Katherine Stinson und Marjorie Stinson. Die fliegenden Schwestern


Fachbuch, 2010

61 Seiten


Leseprobe


Abbildung in dieser Leseprobe nicht enthalten

Katherine Stinson (1891-1977) um 1917

Foto: Reproduktion einer alten Aufnahme

Die erste von Frauen geleitete Flugschule wurde von den amerikanischen Schwestern Katherine Stinson Otero (1891-1977), geborene Stinson, und Marjorie Stinson (1896-1975) betrieben. Beide waren Flugpionierinnen, gehörten zu den „Early Birds“ und haben erstaunliche Rekordleistungen vollbracht, die in der Geschichte der Luftfahrt eine wichtige Rolle spielten und oft in der einschlägigen Literatur erwähnt werden.

Katherine („Kate“) Stinson kam am Valentinstag, 14. Februar 1891, in Fort Payne (Alabama) zur Welt. Sie war das erste von vier Kindern von Edward Anderson Stinson (1868-1941) und Emma Beavers Stinson, geborene Beavers. Drei Kinder - Katherine („Kate“), Edward („Eddie“), Marjorie („Magde“) - wurden in Fort Payne geboren. Das Nesthäkchen Jack folgte später in Canton, Madison County (Mississippi). Katherine war die ältere der zwei Stinson-Schwestern, die beide in der Luftfahrt für Furore sorgten. Auch ihre Mutter Emma Beavers Stinson sowie ihre Brüder Edward „Eddie“ Stinson (1894-1932) und Jack Stinson (1900-1976) waren in der Luftfahrt aktiv. 1911 stieg „Katie“ - wie sie in der Familie genannt wurde - erstmals mit einem Ballon in die Luft, was offenbar für sie ein prägendes Erlebnis war.

Katherine Stinson träumte in jungen Jahren von einem Musik- studium in Europa und von einer Karriere als Klavierlehrerin. Um diese Ziele finanzieren zu können, wollte sie das Fliegen lernen und als Stuntpilotin Geld verdienen.

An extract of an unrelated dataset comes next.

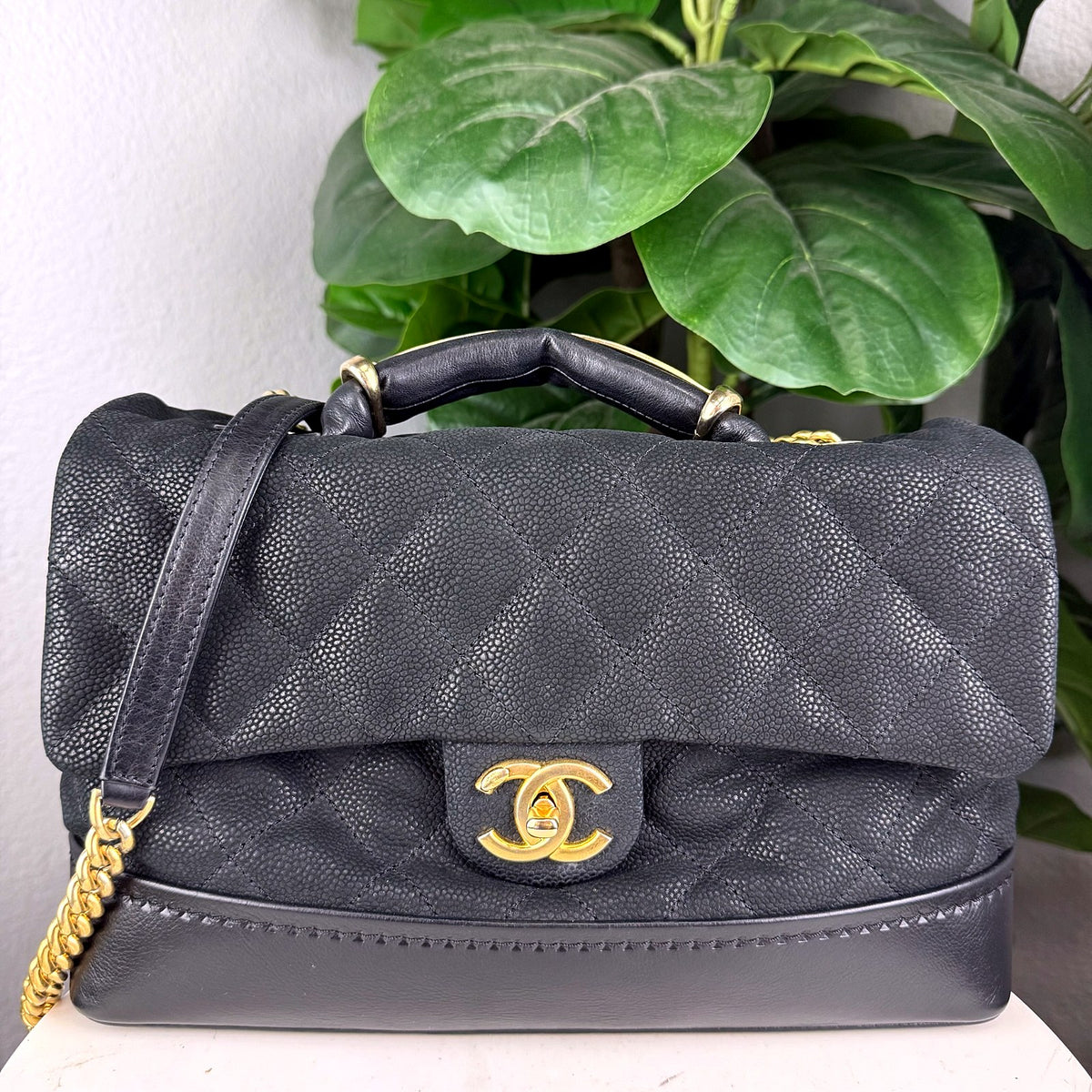 Authentic Chanel Caviar Medium Classic Flap Bag Black Gold Hardware - 02_photo.jpg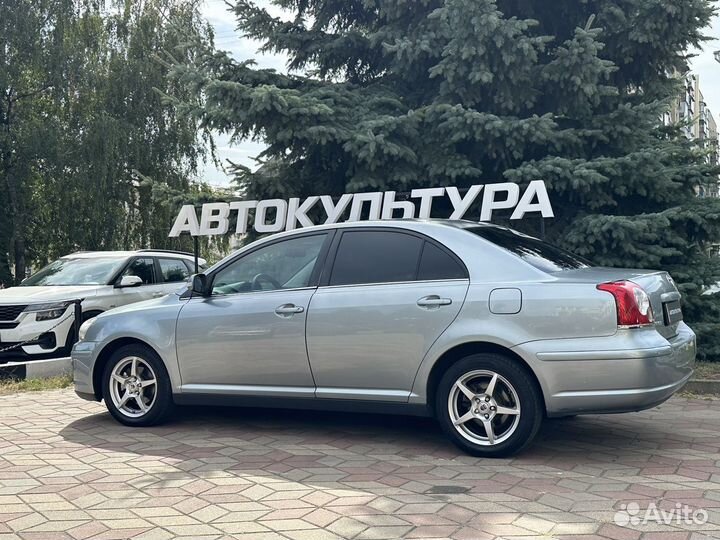 Toyota Avensis 1.8 МТ, 2008, 290 000 км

Doch es kam ganz anders: Ihre Familie verkaufte ihr Klavier, um die für die Flugstunden benötigten 500 Dollar aufzubringen, aber bald machte Katherine das Fliegen so viel Spaß, dass sie das geplan- te Musikstudium und ihren Traumberuf Klavierlehrerin auf- gab.

Ihren ersten Flug wagte Katherine Stinson 1912 zusammen mit dem bekannten Piloten Tony Jannus (1889-1916) in St. Louis (Missouri). Danach nahm sie Flugstunden bei dem Flieger Max Lillie (1882-1913), eigentlich Max Liljestrand, auf dem Flugplatz „Cicero Field“ in Chicago. Lillie sträubte sich anfangs dagegen, eine Frau zu unterrichten. Doch Katherine überredete ihn zu einer Probestunde und stellte sich dabei so geschickt an, dass sie nach vier Stunden Unterricht bereits erstmals allein fliegen konnte.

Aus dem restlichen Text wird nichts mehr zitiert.